Since 1995, the Delo Tractor Restoration Competition has rewarded the determination, mechanical skills and business savvy of high school-age FFA members from around the country.

Delo representatives said that, through the restoration of an antique tractor, participants develop skills applicable to the modern business world.

The skills needed for success in the program — equipment maintenance, teamwork, project management, budgeting, planning and marketing — help develop the participants into future leaders in the agriculture community, representatives of the petroleum products division of Chevron said.

Indeed, that was the case with restoration team members, Karl Behrens, an FFA member for a year and junior at Sequim High.

“I learned quite a bit,” Behrens said. “I learned basic mechanics.”

He said he looks forward to the trip to Indianapolis “to make a great presentation and hopefully win.”

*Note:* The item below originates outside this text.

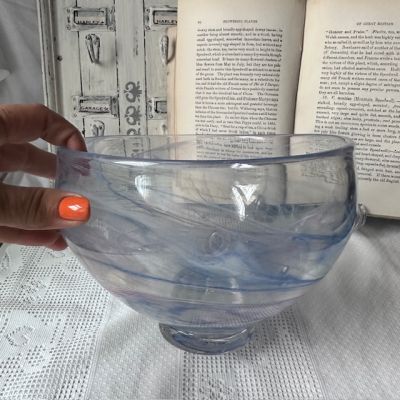 Ваза фруктовница 15 см цветное хрусталь Швеция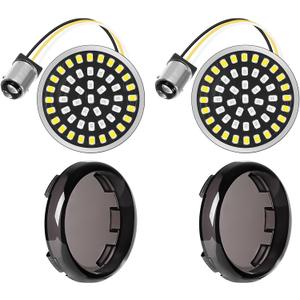 Benlari 1157 LED Front Turn Signal Light 2" Bullet Smoke Lens Cover Kit Compatible with Harley Davidson Dyna Softail Touring Road King Electra Street Glide 1997-2024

All contestants to the Delo Tractor Restoration Competition have to present a workbook outlining the whole tractor restoration process, from mechanical overhauls of the engine, transmission and auxiliary and ancillary systems, to the external appearance of the tractors.

The Sequim finalists were invited to the Indianapolis convention to present their projects to a panel of qualified tractor restorers.

Projects will be graded on restoration process, results and documentation, as well as oral presentation and safety precautions.

The prizes from the Chevron subsidiary are champion: $5,000; reserve champion: $3,000; and third place: $1,500.

The Sequim restoration cost about $4,000 in parts alone.

For the second year, the Delo Tractor Restoration Competition will include a video voting competition that allows the public to select its favorite restoration. A

ll projects that included a video as part of their submission (finalist and entrants alike) are eligible for the video voting competition.

View the Sequim team’s tractor restoration video on YouTube at www.youtube.com/watch?v=

Ot2PfOevh0s.

To vote, visit www.DeloPerformance.com and click on the Tractor Restoration Competition icon.

View and vote for your favorite video through

Oct. 20.

Members of the team with the most votes will each win an iPod Shuffle.

The video was filmed and edited by FFA sponsor Kristi Short, the high school’s agriculture teacher, and the FFA students involved in the project.

It takes the viewer through the stages of restoration, and includes some play-acting at the beginning, some comical moments during the actual work, and Megan Bekkevar, who has driven tractors much of her life on her family’s farm, giving the tractor a test run on the Bekkevar farm where it was restored.

Short said the project taught her students business and leadership skills, in which they learned how to work together and delegate responsibilities.

They learned mechanics and business skills, such as keeping track of costs, hours and how they spent their time.

The team is now intensively preparing for their presentation to the judges, which will be followed by an question-and-answer session to test how they retained what they learned.

“I couldn’t be more proud of them for what they have done,” Short said.